The side effects are the dreams the NyQuil gives me. We won't get into the one the other night that involved Gene Simmons and Paul Stanley of Kiss (and Dr. Pepper) nakedly wandering into my room.

Last night was a real trip. I found out that Sammy Davis, Jr. was murdered and his body was being kept in a tomb. He had been mummified and a girl who may or may not have been Alison Brie led me to the tomb for a reason that I'm forgetting at the moment.

So Sammy Davis, Jr's mummified corpse is in this large room that was padded with tons of red pillows. And you could climb up there and look at him if you liked. So I did. He was interred alongside some other female movie star that I'm also forgetting at the moment.
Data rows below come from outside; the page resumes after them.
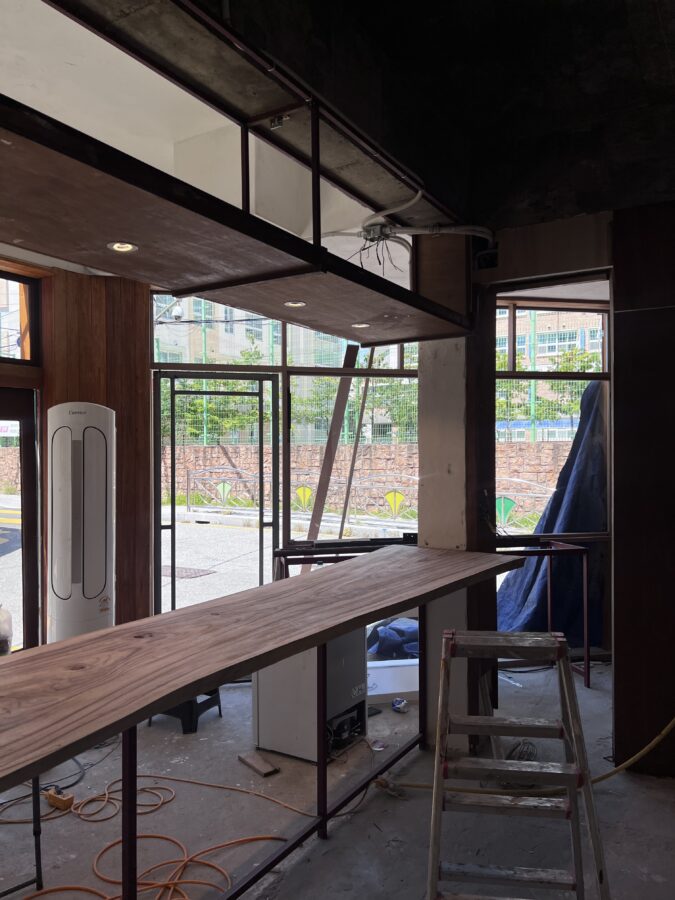부산 채플스트릿 스테인드글라스 창문 설치 인테리어 시공 완성 유리와 URiWa Busan Chapel Street Stained Glass Window Installation Interior Complete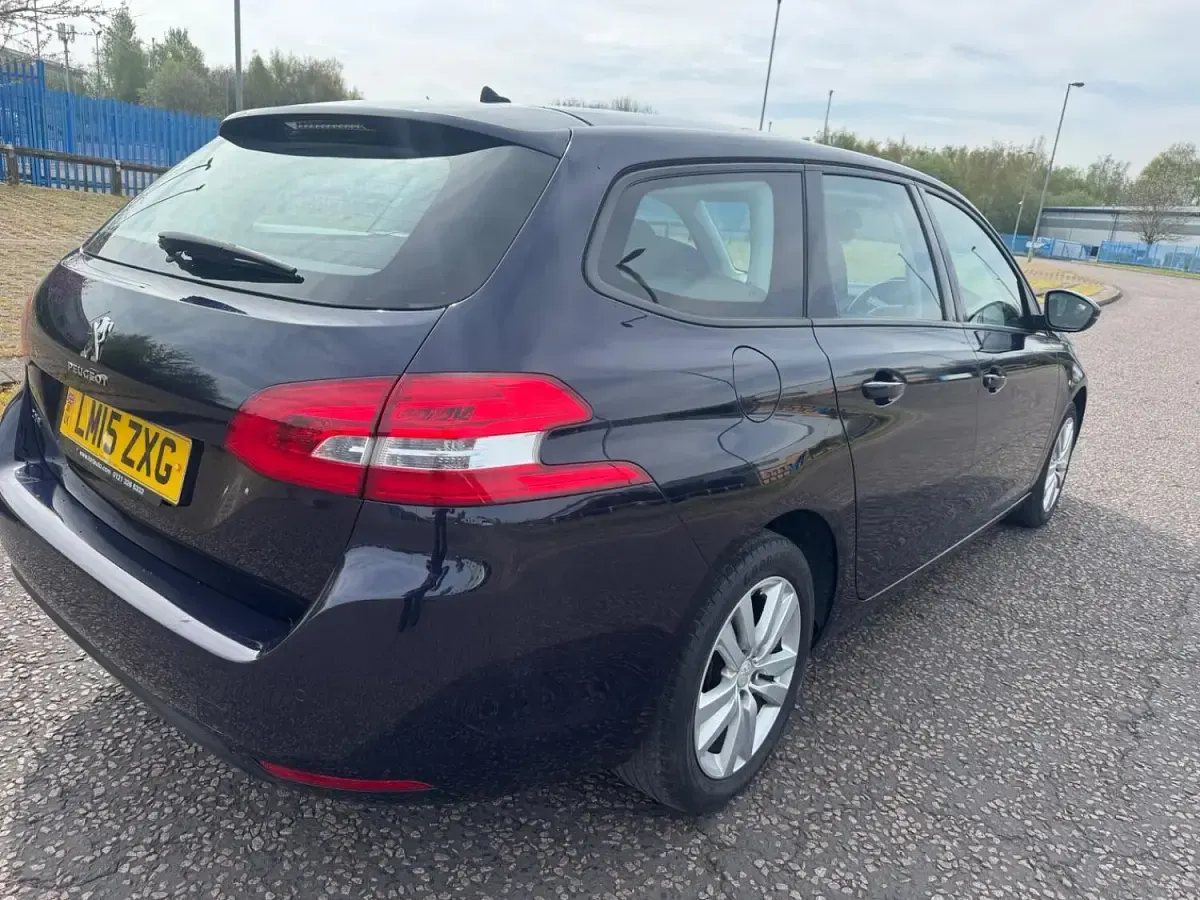Used Peugeot 308 Active 130 HP (95 kW) 2015 Blue Estate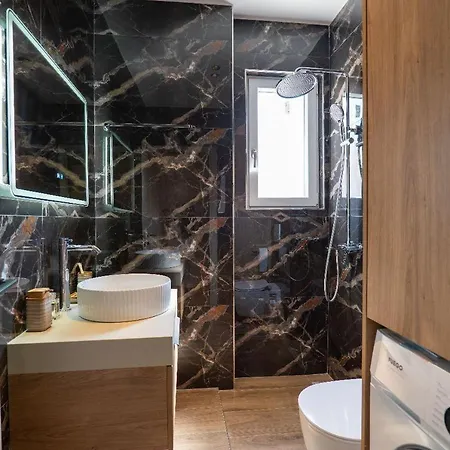Delux Duplex Saranda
The whole thing made me think - upon waking - that maybe Sammy Davis had been murdered. Turns out it's not true. He died from throat cancer in 1990 at the age of 64.

Julekalender - 8 Dec.

Sometimes, you just have to speak the truth. And sometimes the truth is that all of the things are going in the same direction.

Incidentally, I find that I'm doing many of these nightly drawings while watching Conan on television. The drawings have nothing to do with anything I'm watching, but it's funny to look back on some of them and remember not what I was thinking about while I was drawing, but what was on the show I was watching.

Like the Kardashians. They're terrible. And their interview on Conan was about as big a trainwreck as I've seen on recent late-night television. (And I saw Harrison Ford's pseudo[?]-stoned appearance on Conan.) And all I remember is their stupid tangents and not why I drew a calendar and a thoughtful fish on December 2nd.

And I've started several sentences with "and."

Wednesday, December 8, 2010

Julekalender - 7 Dec.

Hanukkah is almost over. So there's that. And then vacation will be here. Vacation's a good thing. So is Hanukkah. So is sunshine. Today we have all three.

Tuesday, December 7, 2010

Julekalender - 6 Dec.

I wish that there was a giant dispenser of nog. At school. All the time. It'd be heaven.

Monday, December 6, 2010

Julekalender - 5 Dec.

Ah, the first cold of the holiday season. Not the outside cold type of cold. The head variety. Small drawing to accommodate the lethargy of lying on the couch while your sinuses do their thing. Better to be ill now than in a few weeks when your time is truly free.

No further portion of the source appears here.